I am attempting to use the F1 score to determine which k value maximises the model for its given purpose. The model is made through the train
function in the caret
package.
Example dataset: https://www.kaggle.com/lachster/churndata
My current code includes the following (as the function for f1 score):
f1 <- function(data, lev = NULL, model = NULL) {
precision <- posPredValue(data$pred, data$obs, positive = "pass")
recall <- sensitivity(data$pred, data$obs, positive = "pass")
f1_val <- (2*precision*recall) / (precision + recall)
names(f1_val) <- c("F1")
f1_val
}
The following as train control:
train.control <- trainControl(method = "repeatedcv", number = 10, repeats = 3,
summaryFunction = f1, search = "grid")
And the following as my final execution of the train
command:
x <- train(CHURN ~. ,
data = experiment,
method = "knn",
tuneGrid = expand.grid(.k=1:30),
metric = "F1",
trControl = train.control)
Please note that the model is attempting to predict the churn rate from a set of telco customers.
The execution returns the following result: Something is wrong; all the F1 metric values are missing:
F1
Min. : NA
1st Qu.: NA
Median : NA
Mean :NaN
3rd Qu.: NA
Max. : NA
NA's :30
Error in train.default(x, y, weights = w, ...) : Stopping
In addition: Warning message:
In nominalTrainWorkflow(x = x, y = y, wts = weights, info = trainInfo, :
There were missing values in resampled performance measures.

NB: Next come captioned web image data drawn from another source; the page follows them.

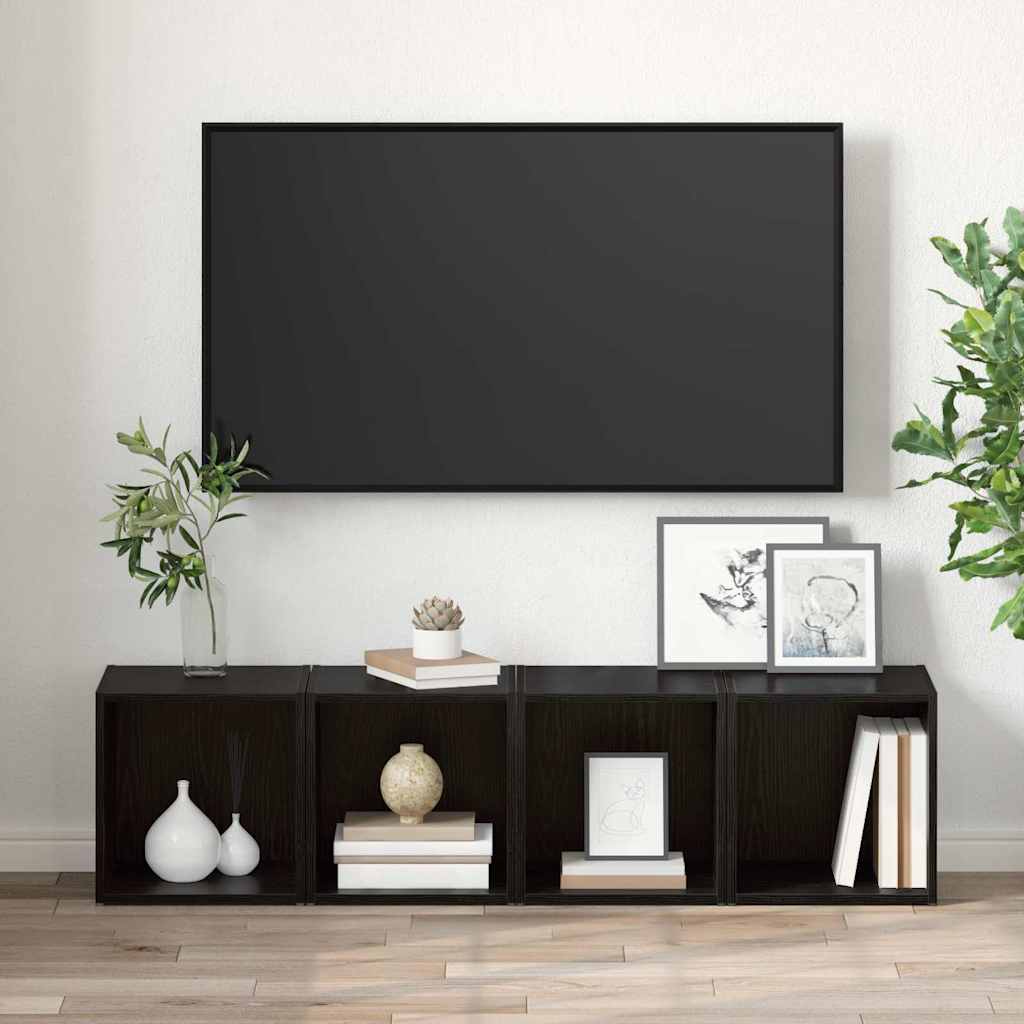 TV Cabinet Set 2 pcs 37 x 35 x 37.5 cm Black Engineered Wood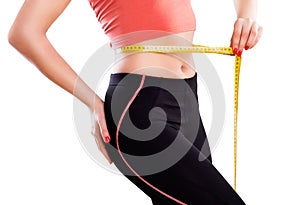 Weight losing - measuring woman's body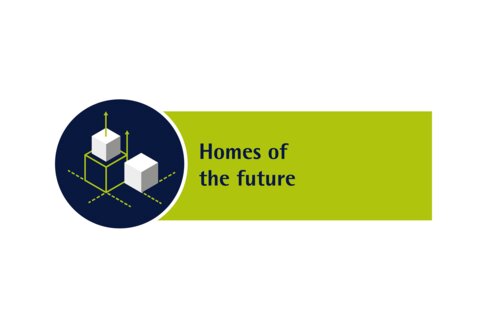 Homes of the future lettering in dark blue on green. To the left is a blue circle with two white cubes with green arrows indicating movement.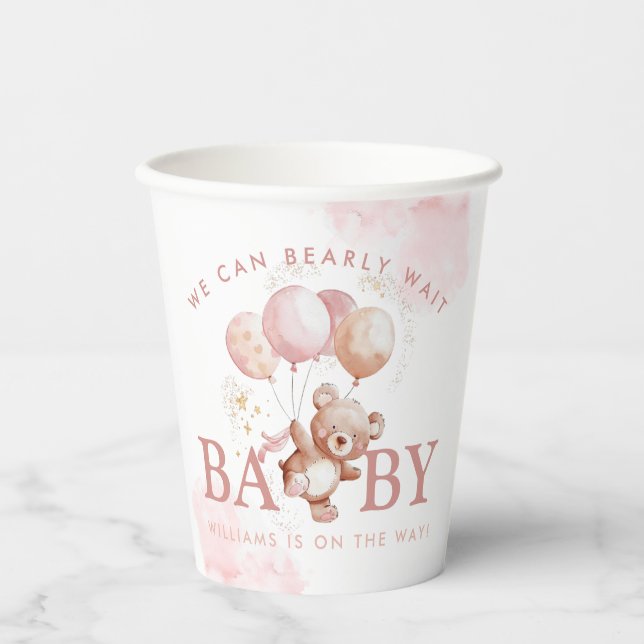 Gobelets En Papier BAILEY Pink Bearly Wait Teddy Bear Baby shower (Recto)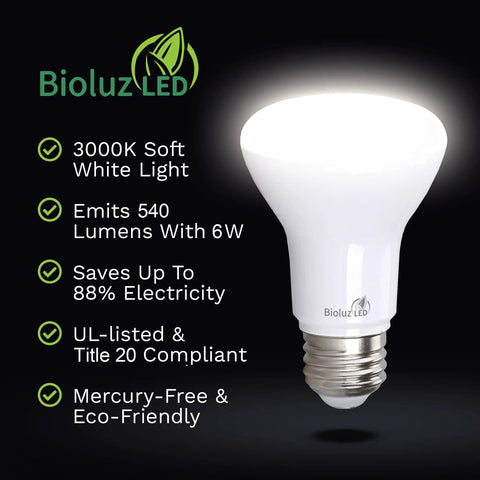 4 Pack BR20 LED Bulbs 3000K Soft White 6W Equal 50W, 540 Lumens, 90 CRI, Dimmable Flood Light Bulbs For Indoor Outdoor Use, bulb image
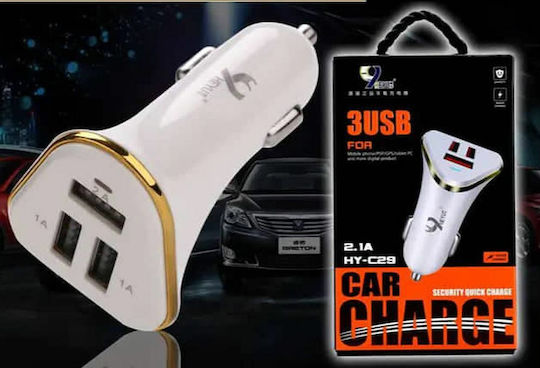 HY-C29 Încărcător Auto 2.1A Încărcare Rapidă cu Porturi: 3xUSB Alb Culoare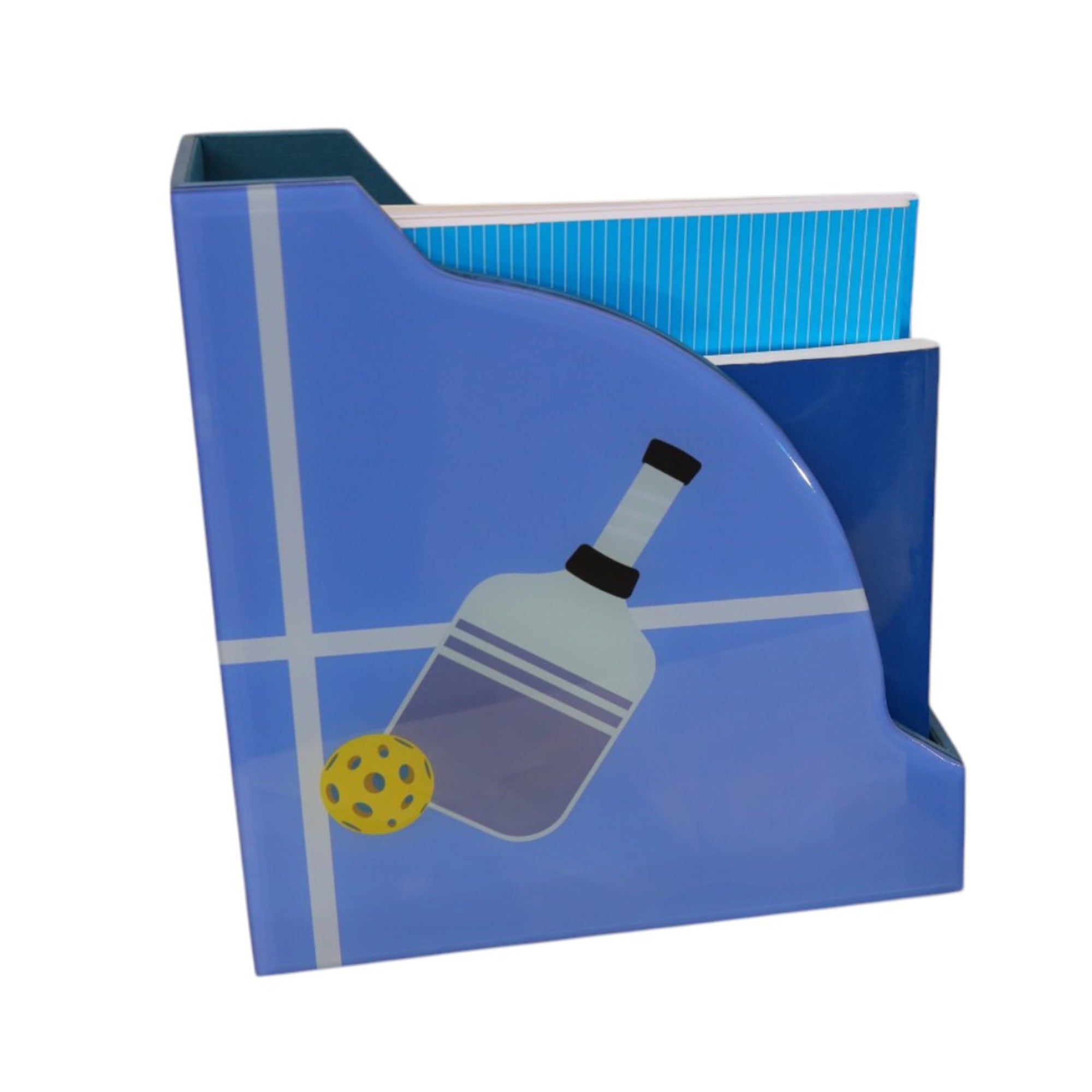 Premium Glass Magazine Holder with Pickle Ball Design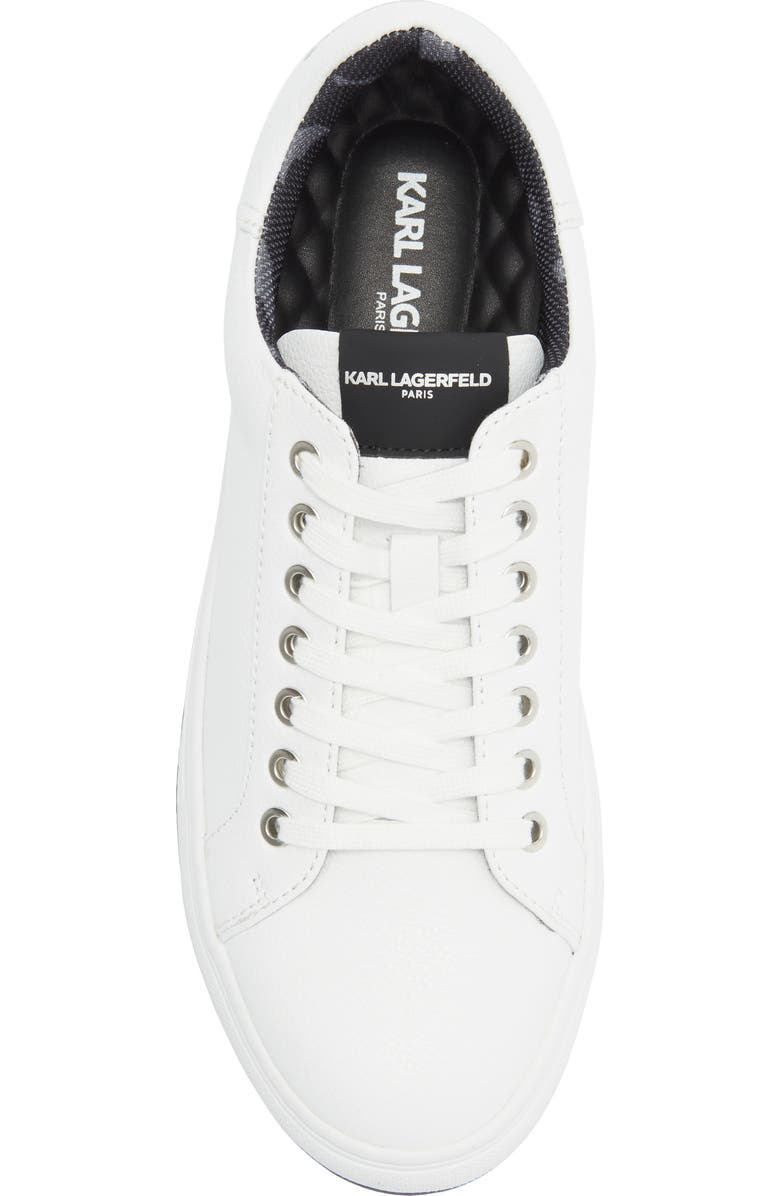 KARL LAGERFELD PARIS Leather Low Top Sneaker, Alternate, color, White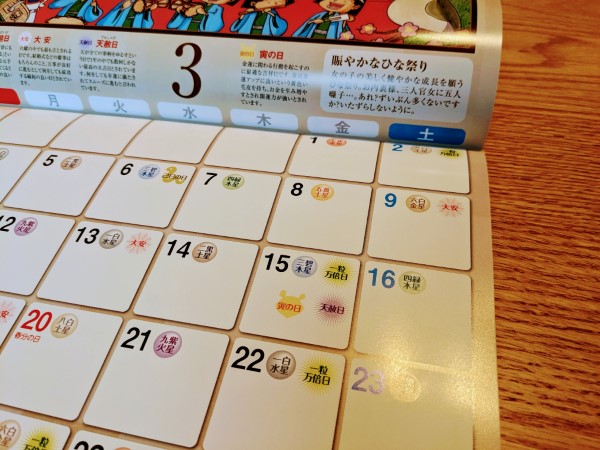 「笑門来福カレンダー」年中幸運に恵まれそうで購入したのです。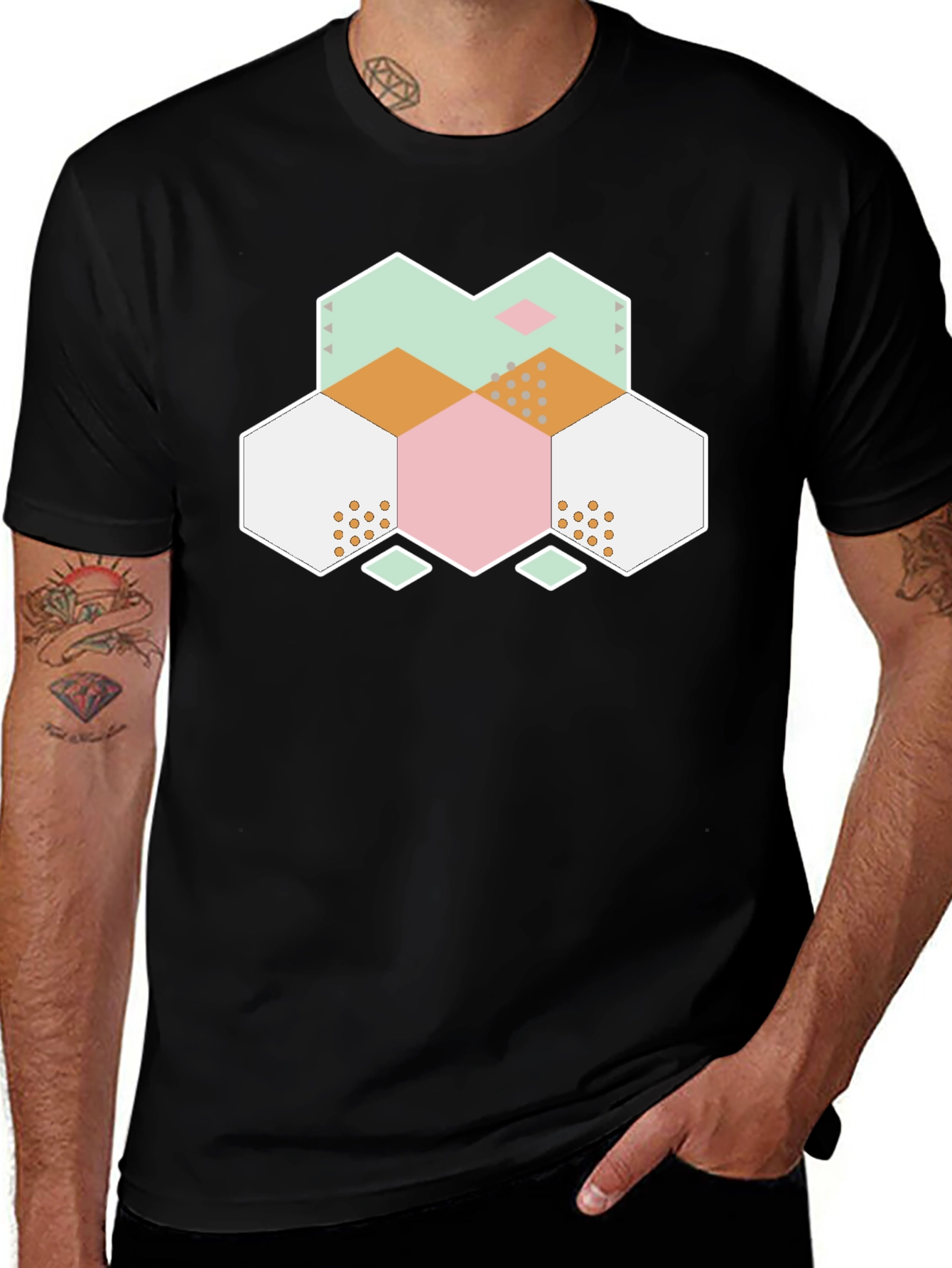 Variant 23 of Geometric Hexagon Graphic Tee - Modern Abstract Design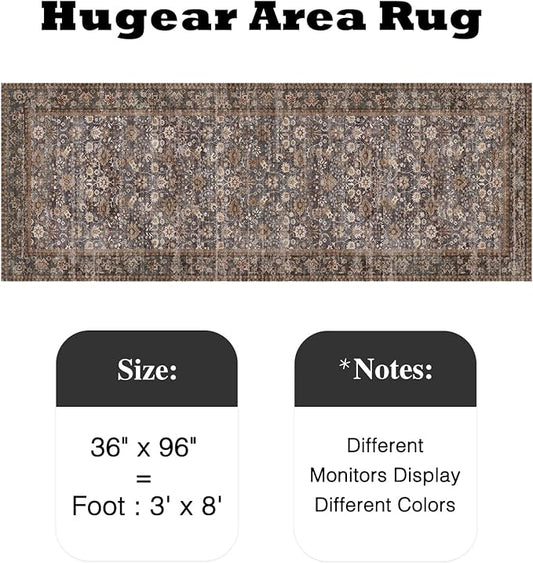 HUGEAR 3x8 Runner Rug Machine Washable Tradition Brown Hallway Area Rug Indoor Accent Rugs Floral Low Pile Carpet Soft Throw Rugs Bedroom Living Room Office Dining Kitchen Laundry Non Slip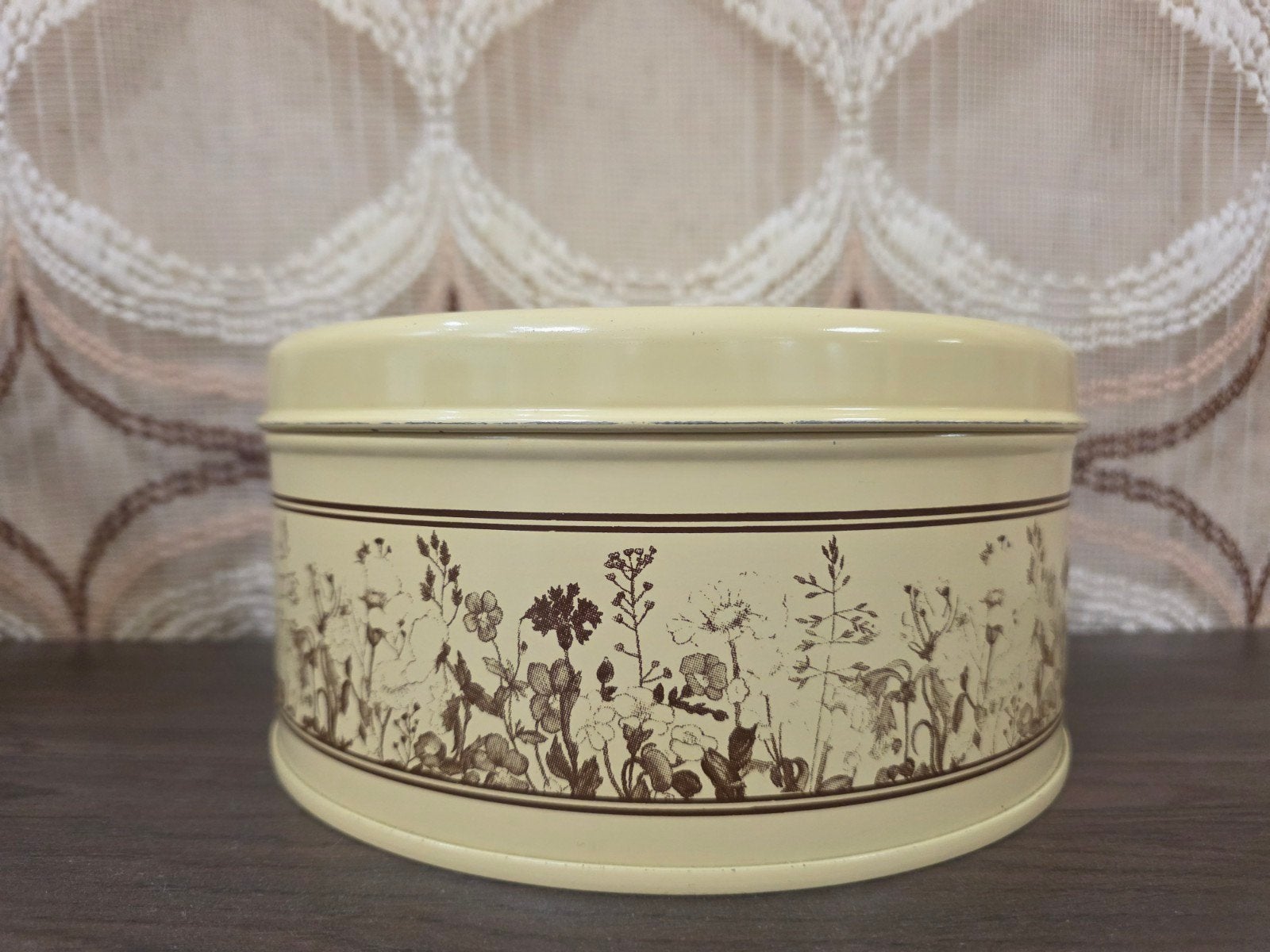 Vintage Brabantia koektrommel beige bruine bloemen, Verzamelen, Ophalen of Verzenden, Huis en Inrichting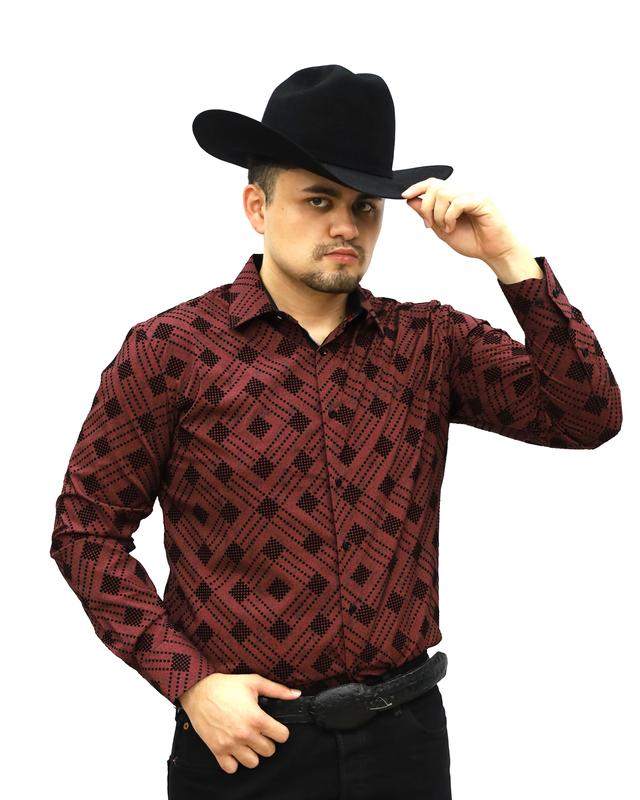 VS100L-FPMSFL-KF-19-6-BURGUNDY - Men's Vaquero Signature Fashion Shirts Menswear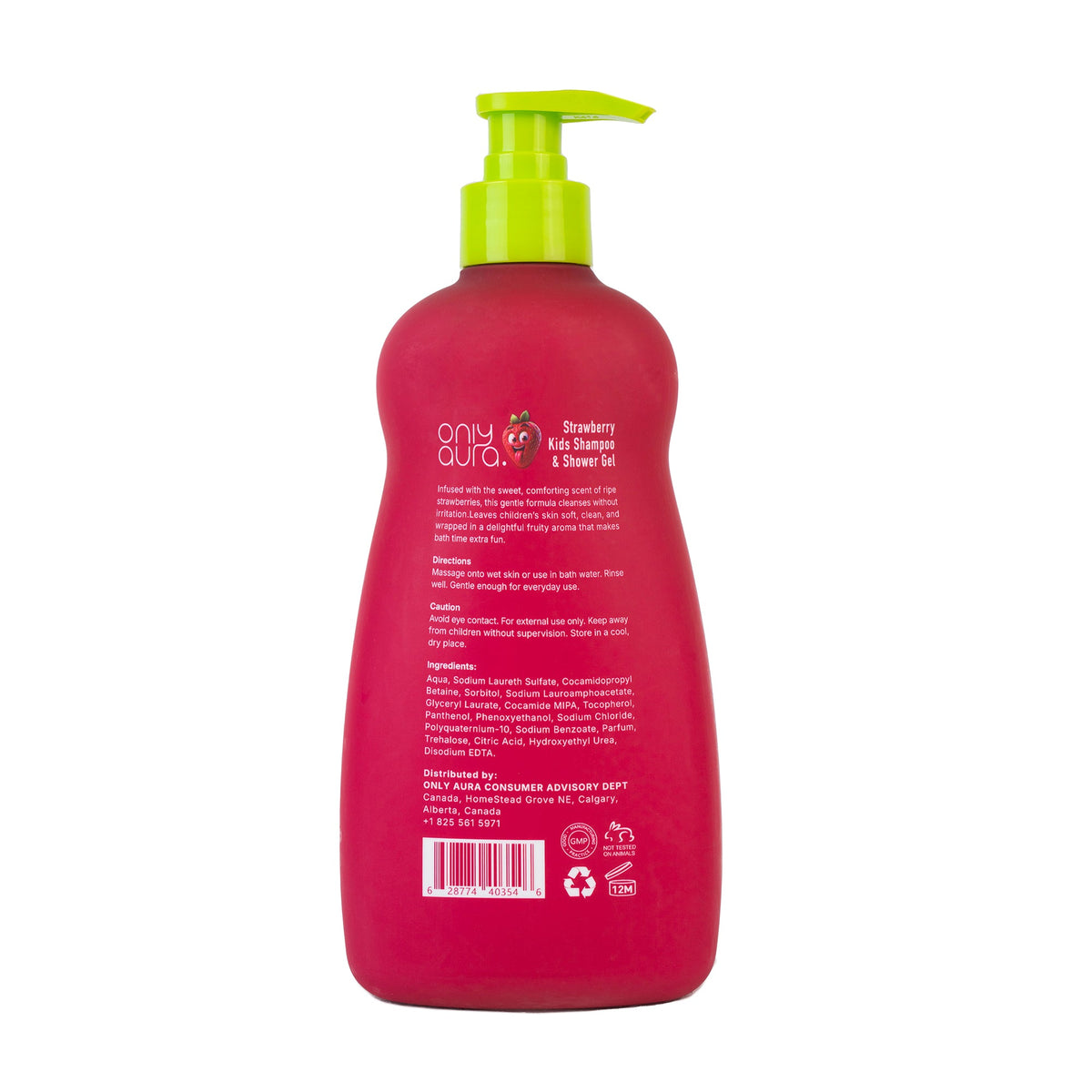ONLYAURA STRAWBERRY SMILES KIDS 2IN1 SHAMPOO+SHOWERGEL 400ML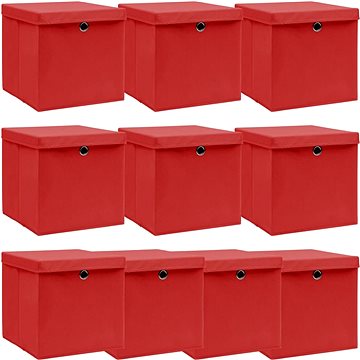Shumee Úložné boxy s víky 10 ks, 32 × 32 × 32 cm textil, červené (288364)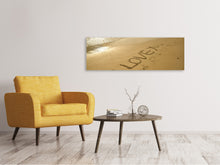 Laden Sie das Bild in den Galerie-Viewer, Leinwandbild Panorama Zeichen im Sand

EDIT: Thanks to help from missuse my code now looks like the following but returns this error
levels(exp2$CHURN) <- make.names(levels(factor(exp2$CHURN)))
library(mlbench)
train.control <- trainControl(method = "repeatedcv", number = 10, repeats = 3,
summaryFunction = prSummary, classProbs = TRUE)
knn_fit <- train(CHURN ~., data = exp2, method = "knn", trControl =
train.control, preProcess = c("center", "scale"), tuneLength = 15, metric = "F")
The error:
Error in trainControl(method = "repeatedcv", number = 10, repeats = 3, :
object 'prSummary' not found